The housing market won’t recover much in the second half of 2019, says Capital Economics.
Mortgage interest rates have fallen this year, but that hasn’t spurred much action in the housing market, and things are unlikely to turn around for the remainder of the year as concerns about the economy continue to grow, the economists say.
“The fact interest rates are declining because of concerns that the economy is slowing argues against a strong rise in home purchase demand,” Capital Economics writes in a recent report. “That is reflected in measures of buyer sentiment. The decline in interest rates earlier this year failed to provide much of a boost to the share of households saying now is a good time to buy.”
That said, the report did indicate that rental demand will be solid thanks to strong wage growth and subdued home sales.
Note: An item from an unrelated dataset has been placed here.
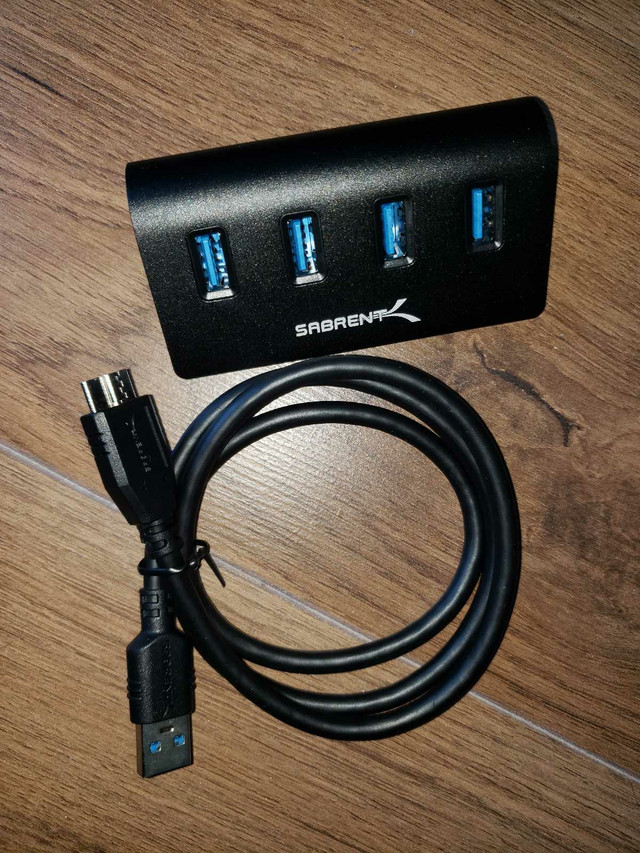 Sabrent USB Port 4 in System Components in Oakville / Halton Region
And, the drop in rates has helped spur refinance activity, with applications jumping in the first half of June and signals indicating the likelihood of an upward trend for refis.
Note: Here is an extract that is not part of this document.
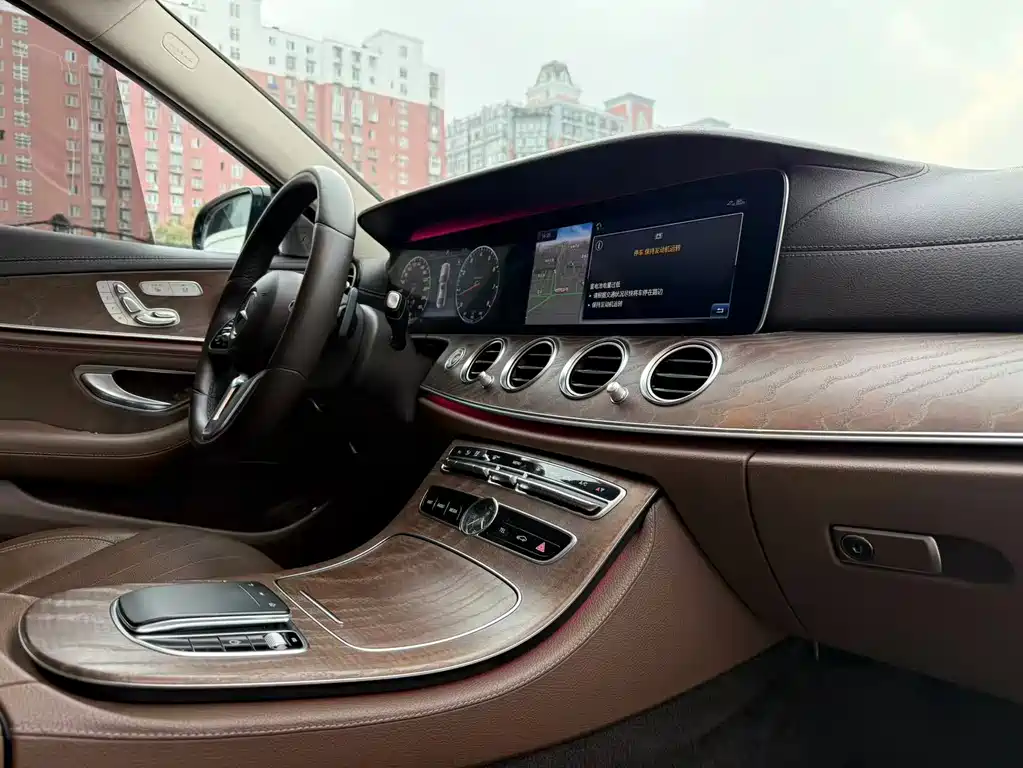 Mercedes-Benz E-Class — миниатюра 7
But purchase demand is less sensitive to changes in mortgage rates, the economists say, and home sales have therefore seen less of a lift from the drop in financing costs.
Also, the drop in rates was somewhat offset by tighter lender standards, the report says, including a recent pullback from the Federal Housing Administration that may make it harder for some riskier borrowers to qualify.
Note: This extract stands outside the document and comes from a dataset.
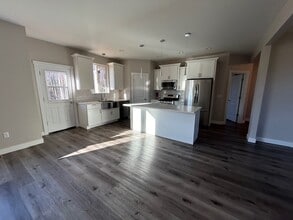 6594 Creeksedge Dr in Wasilla, AK - Building Photo - Building Photo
But on the bright side, homes are still affordable, the economists say.
“The fall in mortgage interest rates, slower house price gains and the rise in earnings growth have led to a drop in mortgage payments as a share of income,” the report says. “And, based on our forecasts for those variables, the payment burden is set to stay at around 16% over the next couple years, low by past standards.”
But the housing market is plagued by a lack of inventory, and this will prevent any meaningful rise in existing home sales, the report predicts.
“While the number of existing homes for sale has seen some improvement since reaching a record low at the end of 2017, at 1.8 million in May market conditions are still tight,” the report says. “And with interest rates falling back, we doubt existing inventory levels will see much of an improvement over the next couple of years.”